Opensignal menilai bahwa meskipun performa Starlink di Indonesia menurun secara agregat, layanan ini tetap memiliki peran strategis dalam memperluas konektivitas di wilayah kepulauan. Starlink menawarkan kinerja yang lebih merata secara nasional, memperluas akses hingga ke provinsi-provinsi terpencil di bagian timur seperti Maluku dan Papua.
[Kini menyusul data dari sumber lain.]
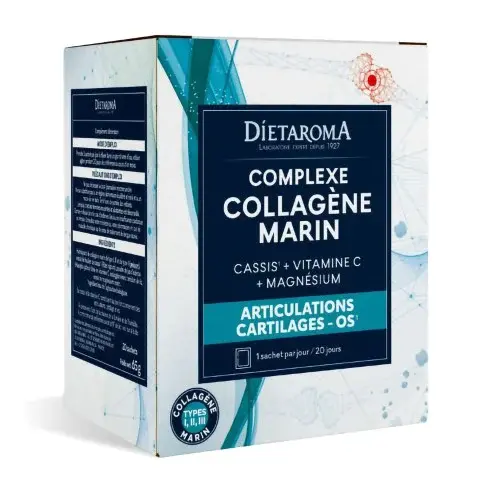 Collagène marin complexe articulations, Dietaroma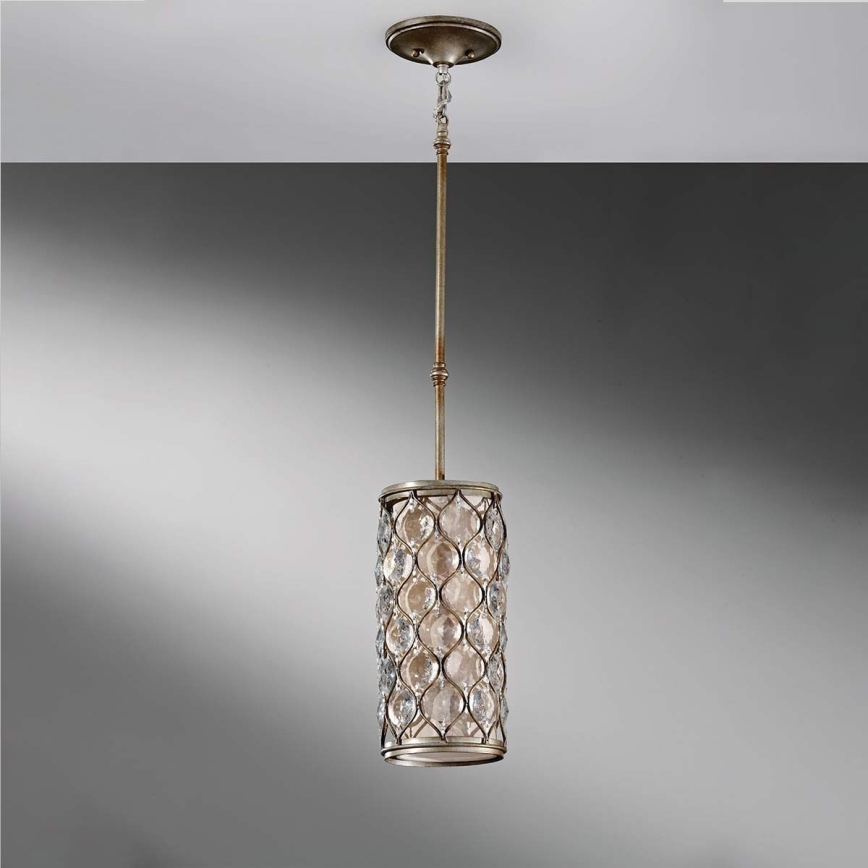 Feiss - Lampadario a sospensione con supporto rigido LUCIA 1xE27/60W/230V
Sebaliknya, FWA lebih berfokus di Jawa, Sumatra, dan wilayah barat yang padat penduduk.

Namun, laporan tersebut juga menyoroti bahwa konsistensi kualitas Starlink masih lebih lemah di wilayah pedesaan, sementara FWA menunjukkan performa yang lebih stabil di berbagai tipe daerah. Selain aspek teknis, Opensignal menyinggung tantangan regulasi yang dihadapi Starlink di Indonesia.

Tantangan Regulasi dan Masa Depan Starlink

Menjelang peluncurannya pada Mei 2024, Starlink memperoleh izin VSAT dan ISP, namun Kominfo mengharuskan perusahaan tersebut mendirikan Network Operation Center (NOC) lokal untuk memantau layanan, karena dikhawatirkan jaringan satelitnya melewati gerbang domestik. Pemerintah juga memberlakukan pembatasan roaming untuk layanan broadband tetap berbasis satelit, serta pengawasan dari KPPU, yang merekomendasikan agar Starlink difokuskan pada wilayah tertinggal, terdepan, dan terluar (3T).
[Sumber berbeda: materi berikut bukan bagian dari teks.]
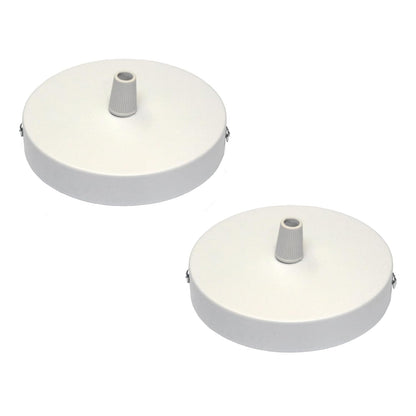 Side Fit Ceiling Roses – 100, 108 & 120 mm, 1 to 7 Outlets, 9 Colours - photo 77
Laporan tersebut menegaskan bahwa masa depan Starlink di Indonesia akan sangat bergantung pada kemampuannya memperluas kapasitas, menjaga stabilitas kinerja, dan memposisikan diri sebagai pelengkap bagi FWA dan jaringan fiber, bukan pesaing langsung. Jika masalah-masalah tersebut dapat diatasi, Starlink berpotensi memainkan peran lebih besar dalam ekosistem digital Indonesia dan mendukung tujuan pemerintah dalam memperluas konektivitas serta inklusi digital.